Objectives: The study investigated the main restorative components of staff break areas in healthcare facilities, by assessing usage patterns, verbal/visual preferences, and perceived restorative qualities of specific design features found in break areas for hospital staff.
Methods: A multi-method approach combined qualitative explorations (focused interviews and narrative survey questions) with quantitative measurements (discrete survey questions and a visual ranking of break-room spaces), and the results were compared and triangulated.
Results: It was found that staff break areas are more likely to be used if they are in close proximity to nurses’ work areas, if they have complete privacy from patients and families, and if they provide opportunities for individual privacy as well as socialization with coworkers.

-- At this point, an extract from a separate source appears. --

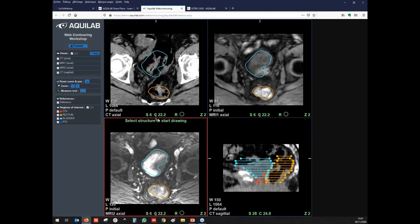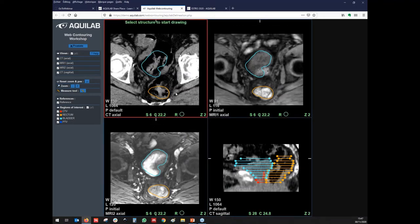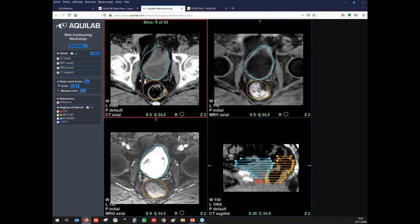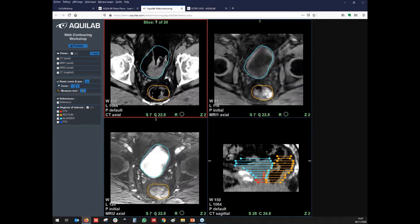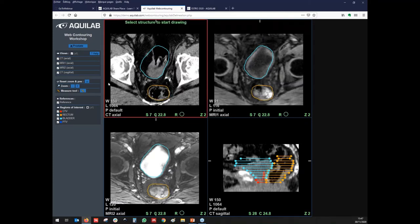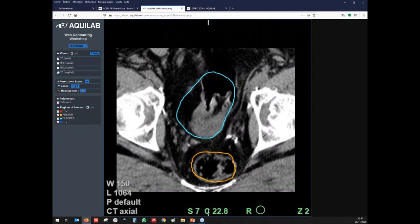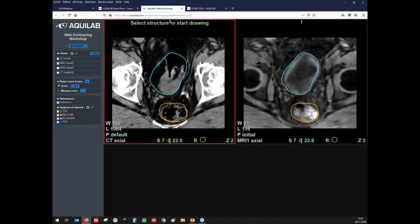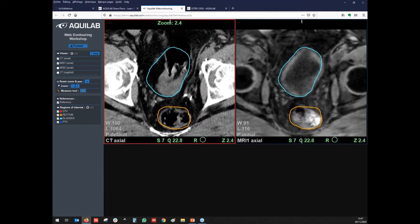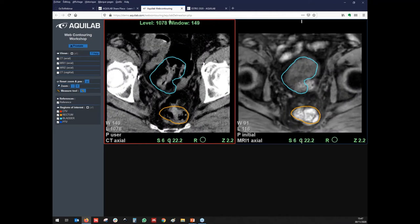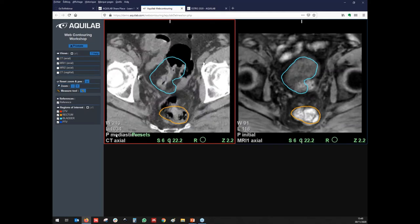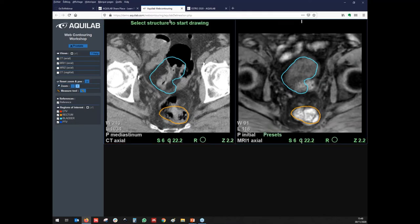Here you can see we have uploaded the CT, two MRIs, the sagittal reconstruction, and different contours which are already done — it's a sort of atlas. Users can look at the different structures and remove them. You can decide, for example, just to see the CT or to see the CT and one MRI. The system can easily zoom, change slices, and change the window level. There are also presets for window level, and for contouring you will be able to change the size of the brush.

Having physical access to private outdoor spaces (e.g., balconies or porches) was shown to have significantly greater perceived restorative potential, in comparison with window views, artwork, or indoor plants.
Conclusions: The results of this empirical study support the conclusion that improvements in the restorative quality of break areas may significantly improve nurses’ satisfaction and stress reduction, potentially leading to improved care for the patients they serve.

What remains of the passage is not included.